Les technologies du virtuel

  • Matériels et logiciels permettant de produire des objets virtuels et de naviguer dans les environnements virtuels.
  • Pour Philippe Quéau, toute technologie numérique est une technologie du virtuel (ex : traitement de l’image à images de synthèse, acteurs virtuels…)

La notion de communauté virtuelle

  • Licklider et Taylor (1968) « The Computer as a Communication Device » online communities : «elles seront constituées de membres isolés géographiquement (…).
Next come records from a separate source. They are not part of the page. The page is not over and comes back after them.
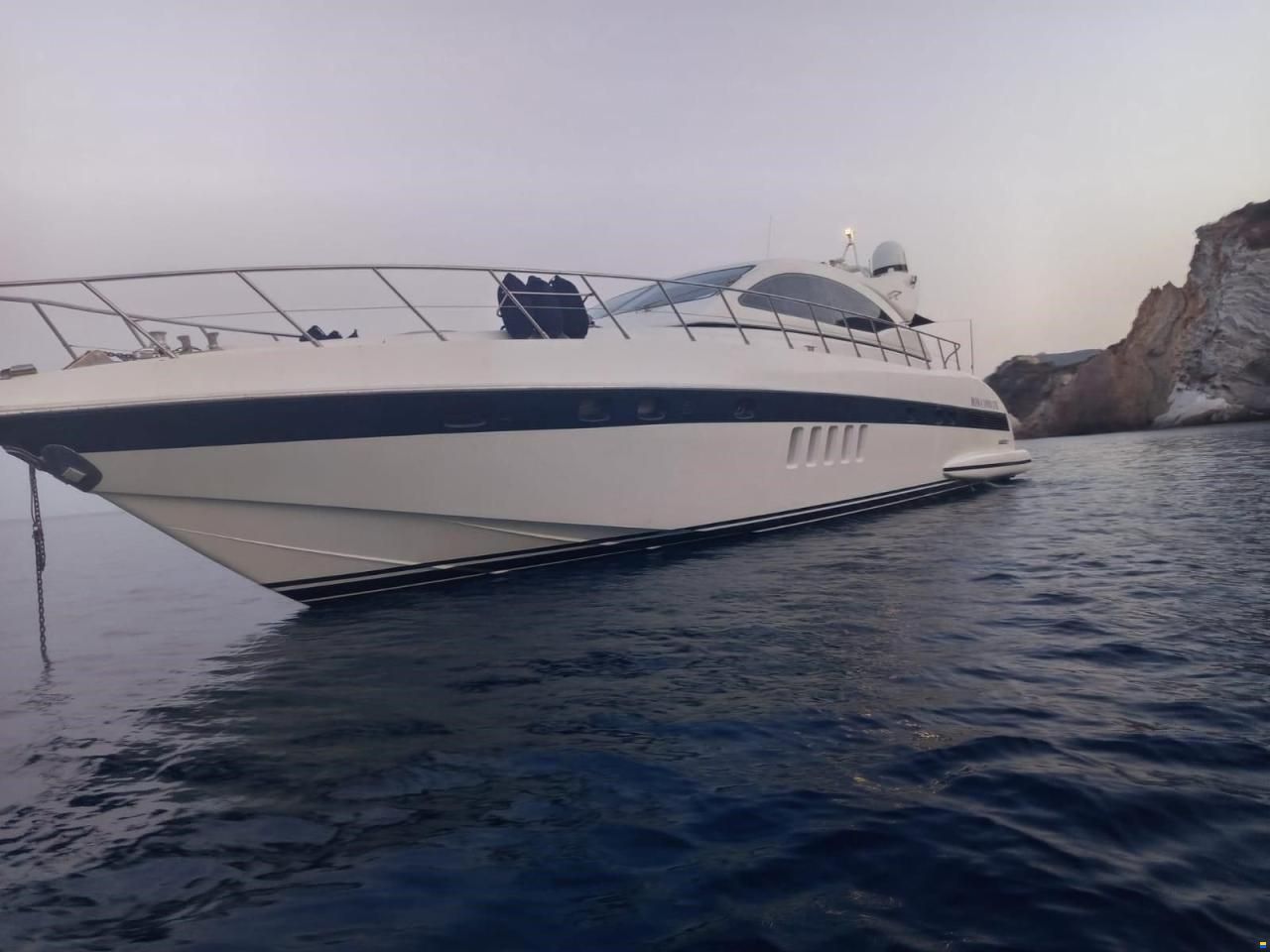 Overmarine Mangusta 72 HT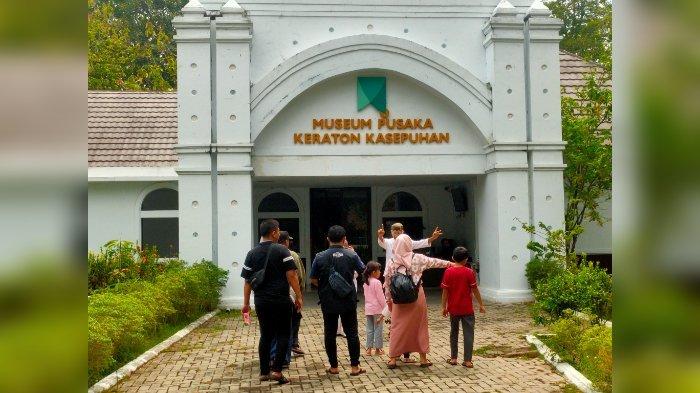 Libur Lebaran, Museum Berbasis AI dan Workshop Batik Jadi Primadona di Keraton Kasepuhan Cirebon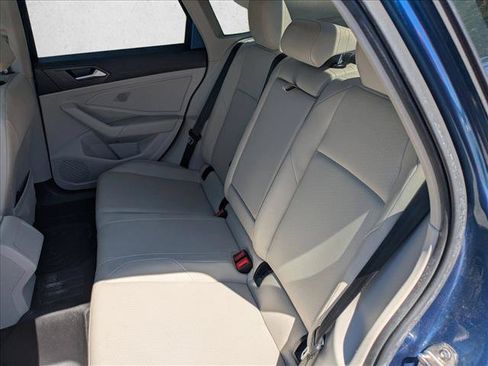 Used 2019 Volkswagen Jetta SE FWD image 17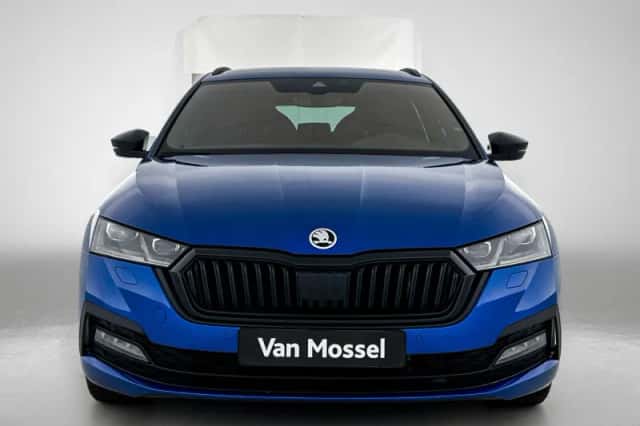 Škoda Octavia (2022) thumbnail 5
Ce ne seront pas des communautés de lieu, mais des communautés d’intérêt»
  • Howard Rheingold (1993), The Virtual Community : «des regroupements socioculturels qui émergent du réseau lorsqu’un nombre suffisant d’individus participent à ces discussions publiques pendant assez de temps en y mettant suffisamment de coeur pour que des réseaux de relations humaines se tissent au sein du cyberespace»

D’une simulation de la communauté à une « stimulation » de la communauté à l’aide de l’ordinateur ?

  • Libération (= virtualisation) de l’espace, du temps et du corps : genre, appartenance ethnique, classe sociale, identité sexuelle, handicaps physiques…
  • Égalisation des différences et émancipation sociale des minorités.
  • Une nouvelle fraternité…
  • De l’idéal démocratique de la Révolution française à la cyberdémocratie : une vieille utopie ressuscitée par le déterminisme technique!